Search code examples
sphinxthinking-sphinx

Thinking Sphinx indexing performance


I have a large index definition that takes too long to index. I suspect the main problem is caused by the many LEFT OUTER JOINs generated.

I saw this question, but can't find documentation about using source: :query, which seems to be part of the solution.

My index definition and the resulting query can be found here: https://gist.github.com/jonsgold/fdd7660bf8bc98897612

How can I optimize the generated query to run faster during indexing?


Solution

  • This is the solution that worked best (from the linked question). Basically, you can remove a piece of the main query sql_query and define it separately as a sql_joined_field in the sphinx.conf file.

    It's important to add all relevant sql conditions to each sql_joined_field (such as sharding indexes by modulo on the ID). Here's the new definition:

    ThinkingSphinx::Index.define(
      :incident,
      with: :active_record,
      delta?: false,
      delta_processor: ThinkingSphinx::Deltas.processor_for(ThinkingSphinx::Deltas::ResqueDelta)
    ) do
        indexes "SELECT incidents.id * 51 + 7 AS id, sites.name AS site FROM incidents LEFT OUTER JOIN sites ON sites.id = site_id WHERE incidents.deleted = 0 AND EXISTS (SELECT id FROM accounts WHERE accounts.status = 'enabled' AND incidents.account_id = id) ORDER BY id", as: :site, source: :query
        ...
        has
        ...
    end
    
    ThinkingSphinx::Index.define(
      :incident,
      with: :active_record,
      delta?: true,
      delta_processor: ThinkingSphinx::Deltas.processor_for(ThinkingSphinx::Deltas::ResqueDelta)
    ) do
        indexes "SELECT incidents.id * 51 + 7 AS id, sites.name AS site FROM incidents LEFT OUTER JOIN sites ON sites.id = site_id WHERE incidents.deleted = 0 AND incidents.delta = 1 AND EXISTS (SELECT id FROM accounts WHERE accounts.status = 'enabled' AND incidents.account_id = id) ORDER BY id", as: :site, source: :query
        ...
        has
        ...
    end
    

    The magic that defines the field site as a separate query is the option source: :query at the end of the line.

    Notice the core index definition has the parameter delta?: false, while the delta index definition has the parameter delta?: true.
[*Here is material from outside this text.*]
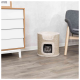 Ein gemütliches Katzenbett aus geflochtenem Material mit einer weichen Oberseite, mit einer grauen Katze, die aus dem Eingang schaut, neben einer modernen Kommode und einem Stuhl platziert.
That's so I could use the condition WHERE incidents.delta = 1 in the delta index and filter out irrelevant records.

    I found sharding didn't perform any better, so I reverted to one unified index.

    See the whole index definition here: https://gist.github.com/jonsgold/05e2aea640320ee9d8b2.

    Important to remember!

    The Sphinx document ID offset must be handled manually. That is, whenever an index for another model is added or removed, my calculated document ID will change. This must be updated.

    So, in my example, if I added an index for a different model (not :incident), I would have to run rake ts:configure to find out my new offset and change incidents.id * 51 + 7 accordingly.